The deep computing messaging framework: generalized scalable message passing on the blue gene/P supercomputer

  • Authors:
  • Sameer Kumar;Gabor Dozsa;Gheorghe Almasi;Philip Heidelberger;Dong Chen;Mark E. Giampapa;Michael Blocksome;Ahmad Faraj;Jeff Parker;Joseph Ratterman;Brian Smith;Charles J. Archer

  • Affiliations:
  • IBM, Yorktown Heights, NY, USA;IBM, Yorktown Heights, NY, USA;IBM, Yorktown Heights, NY, USA;IBM, Yorktown Heights, NY, USA;IBM, Yorktown Heights, NY, USA;IBM, Yorktown Heights, NY, USA;IBM, Rochester, MN, USA;IBM, Rochester, MN, USA;IBM, Rochester, MN, USA;IBM, Rochester, MN, USA;IBM, Rochester, MN, USA;IBM, Rochester, MN, USA

  • Venue:
  • Proceedings of the 22nd annual international conference on Supercomputing
  • Year:
  • 2008

Quantified Score

Hi-index 0.00

Visualization

Abstract

We present the architecture of the Deep Computing Messaging Framework (DCMF), a message passing runtime designed for the Blue Gene/P machine and other HPC architectures.
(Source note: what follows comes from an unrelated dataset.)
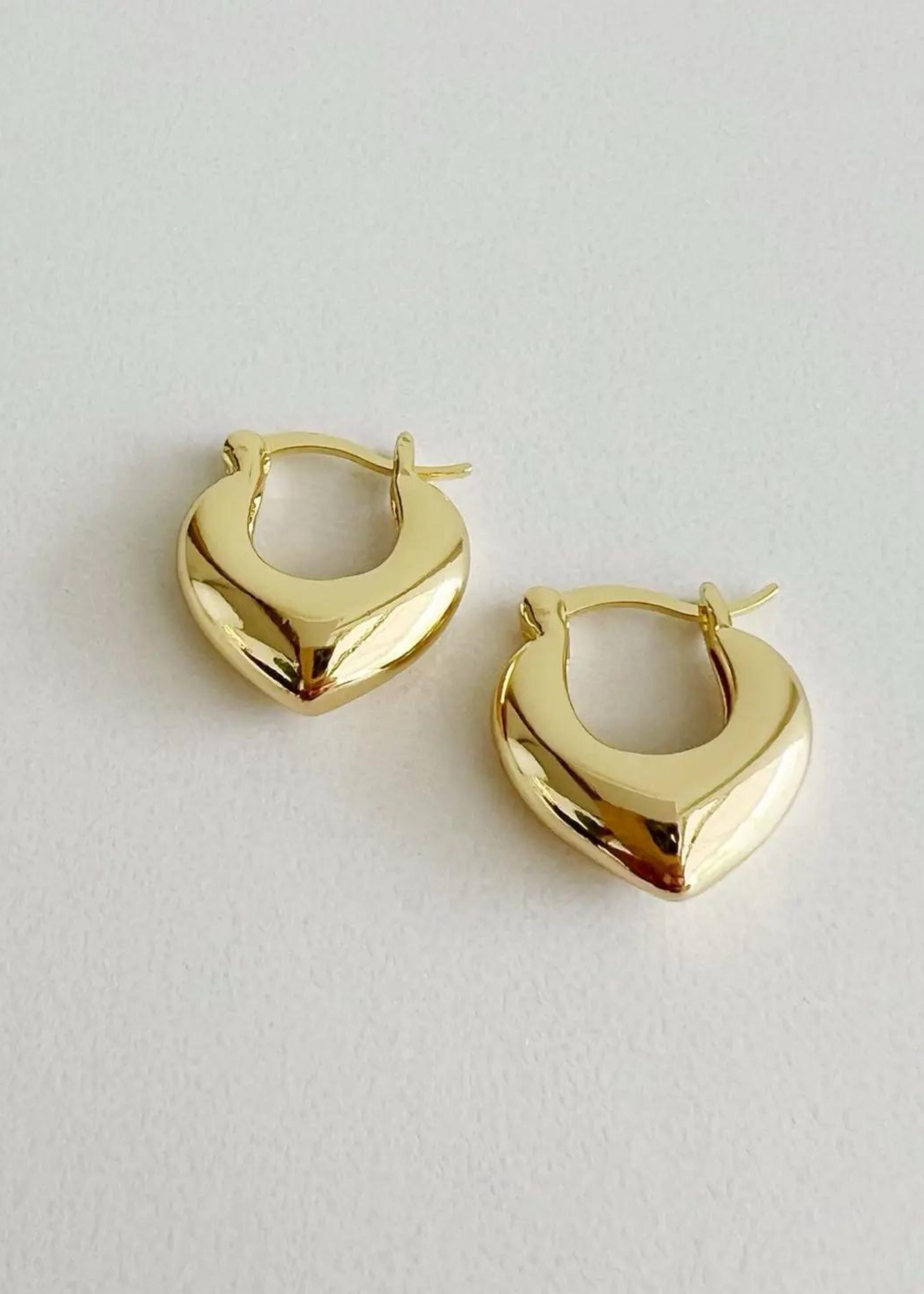 Heartthrob earrings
DCMF has been designed to easily support several programming paradigms such as the Message Passing Interface (MPI), Aggregate Remote Memory Copy Interface (ARMCI), Charm++, and others. This support is made possible as DCMF provides an application programming interface (API) with active messages and non-blocking collectives. DCMF is being open sourced and has a layered component based architecture with multiple levels of abstraction, allowing the members of the community to contribute new components to its design at the various layers. The DCMF runtime can be extended to other architectures through the development of architecture specific implementations of interface classes. The production DCMF runtime on Blue Gene/P takes advantage of the direct memory access (DMA) hardware to offload message passing work and achieve good overlap of computation and communication. We take advantage of the fact that the Blue Gene/P node is a symmetric multi-processor with four cache-coherent cores and use multi-threading to optimize the performance on the collective network. We also present a performance evaluation of the DCMF runtime on Blue Gene/P and show that it delivers performance close to hardware limits.